The new provisions concerning obtain non-party redress will solve a number of these problems. Of central importance is that consumers which have suffered loss will not need to become parties to the litigation in order to get compensation. In addition, ACCC litigation of matters involving a large number of disaffected consumers will be much less complex.
Unfair contracts
The ACL also proposes the introduction of unfair contracts legislation.[17] There are two main aspects to this proposed legislation –
specific unfair contracts legislation which will give the ACCC and individuals the right to challenge unfair terms in standard form contracts
banning of particular terms in standard form contracts on the basis that they are unfair.

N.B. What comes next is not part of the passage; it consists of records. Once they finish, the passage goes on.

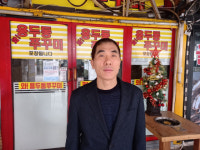 양재영 안양 평촌역 신세대상가번영회장 봉사는 작은 실천에서부터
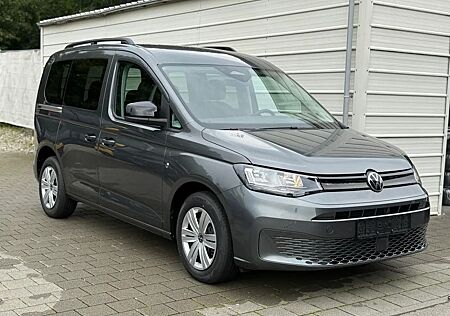 VW Caddy Volkswagen 2.0 TDI DSG *AHK*SHZ*KAMERA*PDC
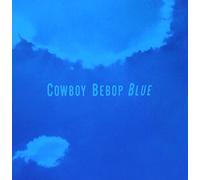 Crimson Cowboy Bebop (Bande sonore Originale)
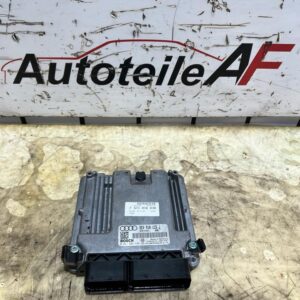 Audi A4 B7 8E 2.0TFSI BGB Motorsteuergerät Steuergerät 8E0910115J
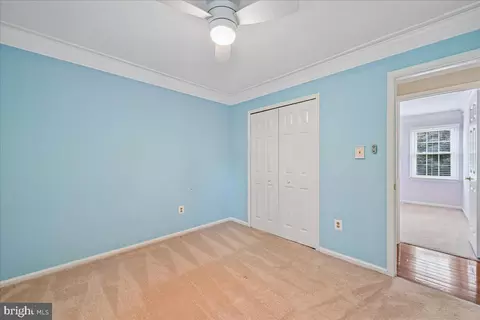Bedroom - 7592 Ruxton Dr, Springfield, VA 22153 photo 10 of 10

Unfair contract terms legislation
The ACL defines unfair contract terms as terms that “cause a significant imbalance in the parties’ rights and obligations under a contract and are not reasonably necessary to protect the legitimate business interests of the supplier”.[18] The ACL also makes reference to the unfair contract terms legislation which currently exists in the UK and Victoria.

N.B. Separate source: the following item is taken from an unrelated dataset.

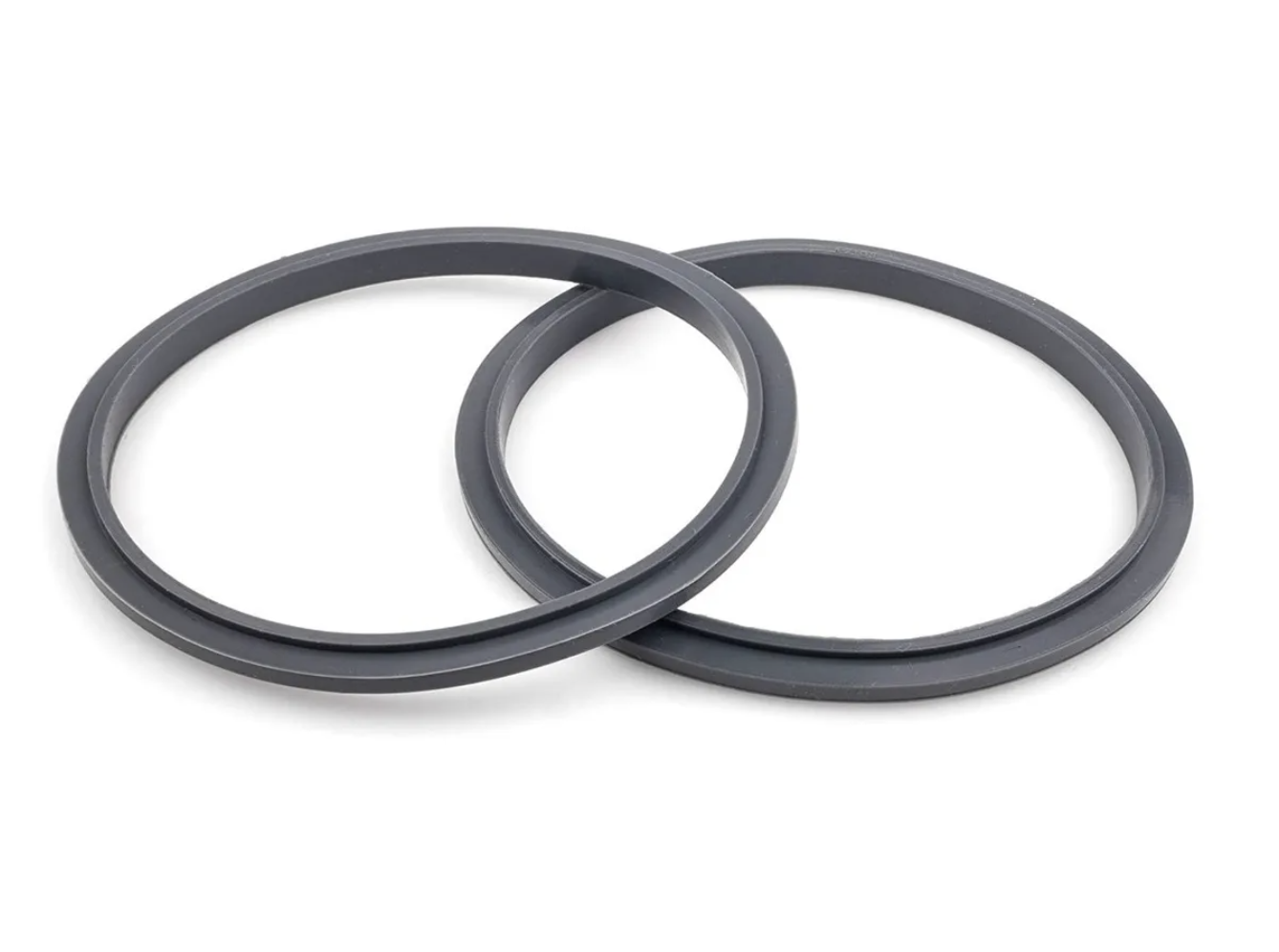 2 Empaques Nutribullet originales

The justification for the introduction of unfair contract term legislation appears to be the finding by the Productivity Commission that the consumer detriment from unfair contract terms is likely to be “non-trivial”.[19] In its report, the PC found that from 5% to 15% consumers may be detrimentally affected by unfair contract terms.[20] If this statistic is correct, it would demonstrate that unfair contract terms are indeed a significant problem as effectively one in six consumers is being adversely affected by unfair contracts.

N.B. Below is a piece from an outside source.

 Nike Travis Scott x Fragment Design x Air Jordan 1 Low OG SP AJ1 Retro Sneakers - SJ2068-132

One surprising conclusion reached by the PC was that businesses had not identified major costs associated with the introduction of unfair contract terms in the EU, UK and Victoria.[21]
The description of unfair contract term legislation suggests that there will be a two-step process in applying the legislation – a contract terms will be considered unfair if -
1. the relevant term causes a significant imbalance in the parties’ rights and obligations
2. the relevant term is not reasonably necessary to protect legitimate interests of supplier[22]
The first step in determining whether a contract term is unfair will be to assess whether the term causes a significant imbalance in the rights and obligations of the parties. This suggests that the courts will have to consider what the effect of one particular contractual term will be on the respective legal positions of each party to the contract. It is not a case of considering whether the cumulative effect of a number of contractual terms will create a significant imbalance, but rather whether one contractual term in isolation will have that effect.
For example, a term which allowed one party to vary unilaterally the terms of the contract may be seen as providing that party with significantly greater rights than the other party to the contract. Another example would be a clause which excluded the right of one party to take legal action against the other party to the contract for negligence.
The second step in applying the unfair contract term test would be to ascertain whether the term is reasonably necessary protect the legitimate interests of the supplier. This step could be broken down into two separate issues. First, one must identify what the legitimate interests of the supplier are in entering into the contract. This will involve a consideration of whether for example, it is legitimate for a supplier to limit their liability and, if so, to what extent. Second, one will have to consider whether the term is reasonably necessary to protect that legitimate interest. For example, a Court may find that while it is legitimate for a supplier to attempt to exclude liability for certain acts, it may find that the relevant contractual term goes beyond was is reasonably necessary to protect the suppliers’ legitimate interest because it seeks to exclude all liability.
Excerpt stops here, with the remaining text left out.